## Prompt:
In the listing below, find the line that contains "BMW R18: la" and the line that contains "1600 Big Tree". Quote both and every line between them, exactly, and nothing more.

## Extracted entries:
________

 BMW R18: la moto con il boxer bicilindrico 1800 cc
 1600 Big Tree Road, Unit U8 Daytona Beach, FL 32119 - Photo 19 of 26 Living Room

________

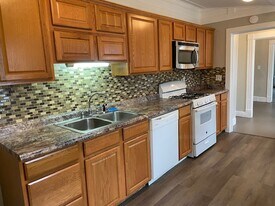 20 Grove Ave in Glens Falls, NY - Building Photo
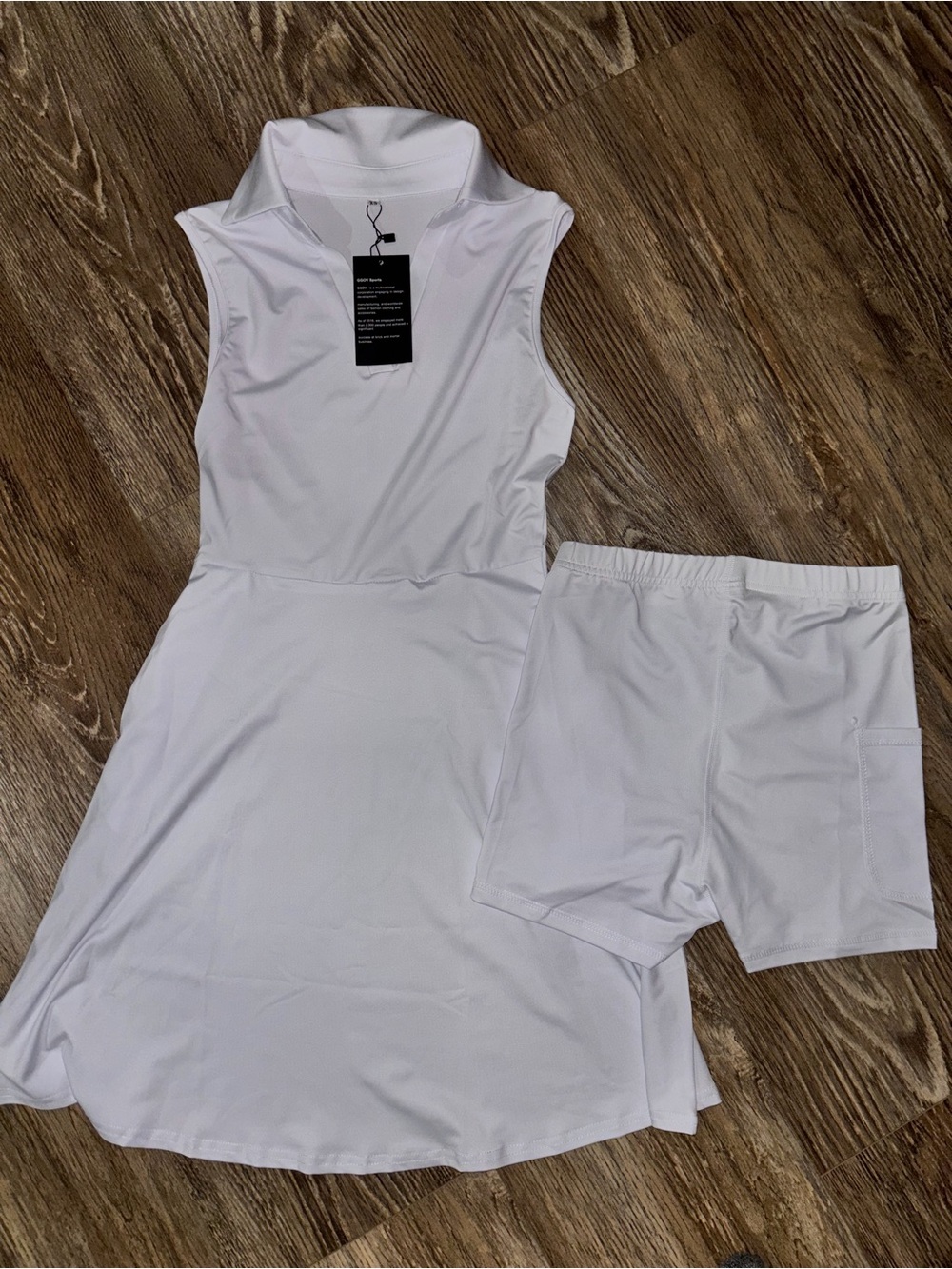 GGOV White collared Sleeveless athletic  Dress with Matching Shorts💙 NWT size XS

________

## Worked solution:
 BMW R18: la moto con il boxer bicilindrico 1800 cc
 1600 Big Tree Road, Unit U8 Daytona Beach, FL 32119 - Photo 19 of 26 Living Room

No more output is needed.